EXERCISE GOAL -
Starting at the line that contains "Scaffold caster with", transcribe each line exactly through the last line of the data. Include nothing else.

· · ·

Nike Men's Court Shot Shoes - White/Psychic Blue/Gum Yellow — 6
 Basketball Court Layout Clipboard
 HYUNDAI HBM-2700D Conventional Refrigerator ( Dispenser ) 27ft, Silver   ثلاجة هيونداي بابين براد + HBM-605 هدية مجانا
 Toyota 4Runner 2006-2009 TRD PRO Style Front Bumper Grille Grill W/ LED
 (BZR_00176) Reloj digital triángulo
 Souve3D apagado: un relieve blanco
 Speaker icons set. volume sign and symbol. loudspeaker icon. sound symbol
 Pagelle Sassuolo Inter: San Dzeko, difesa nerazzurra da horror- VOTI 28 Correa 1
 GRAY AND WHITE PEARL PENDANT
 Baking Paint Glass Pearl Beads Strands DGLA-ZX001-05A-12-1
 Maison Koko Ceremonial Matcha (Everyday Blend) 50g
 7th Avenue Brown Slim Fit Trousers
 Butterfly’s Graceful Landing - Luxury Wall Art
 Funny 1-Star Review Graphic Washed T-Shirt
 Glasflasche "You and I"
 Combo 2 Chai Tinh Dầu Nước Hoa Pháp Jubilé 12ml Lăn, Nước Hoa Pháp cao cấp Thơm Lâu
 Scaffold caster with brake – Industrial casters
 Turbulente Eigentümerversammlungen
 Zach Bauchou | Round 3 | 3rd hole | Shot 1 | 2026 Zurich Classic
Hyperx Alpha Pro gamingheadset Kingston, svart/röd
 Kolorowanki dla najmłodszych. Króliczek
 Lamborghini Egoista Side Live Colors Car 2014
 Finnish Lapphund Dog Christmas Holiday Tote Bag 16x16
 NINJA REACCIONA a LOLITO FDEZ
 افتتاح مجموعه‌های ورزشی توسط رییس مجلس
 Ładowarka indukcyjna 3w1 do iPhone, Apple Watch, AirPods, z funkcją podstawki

· · ·

RESPONSE TO THIS EXERCISE -
 Scaffold caster with brake – Industrial casters
 Turbulente Eigentümerversammlungen
 Zach Bauchou | Round 3 | 3rd hole | Shot 1 | 2026 Zurich Classic
Hyperx Alpha Pro gamingheadset Kingston, svart/röd
 Kolorowanki dla najmłodszych. Króliczek
 Lamborghini Egoista Side Live Colors Car 2014
 Finnish Lapphund Dog Christmas Holiday Tote Bag 16x16
 NINJA REACCIONA a LOLITO FDEZ
 افتتاح مجموعه‌های ورزشی توسط رییس مجلس
 Ładowarka indukcyjna 3w1 do iPhone, Apple Watch, AirPods, z funkcją podstawki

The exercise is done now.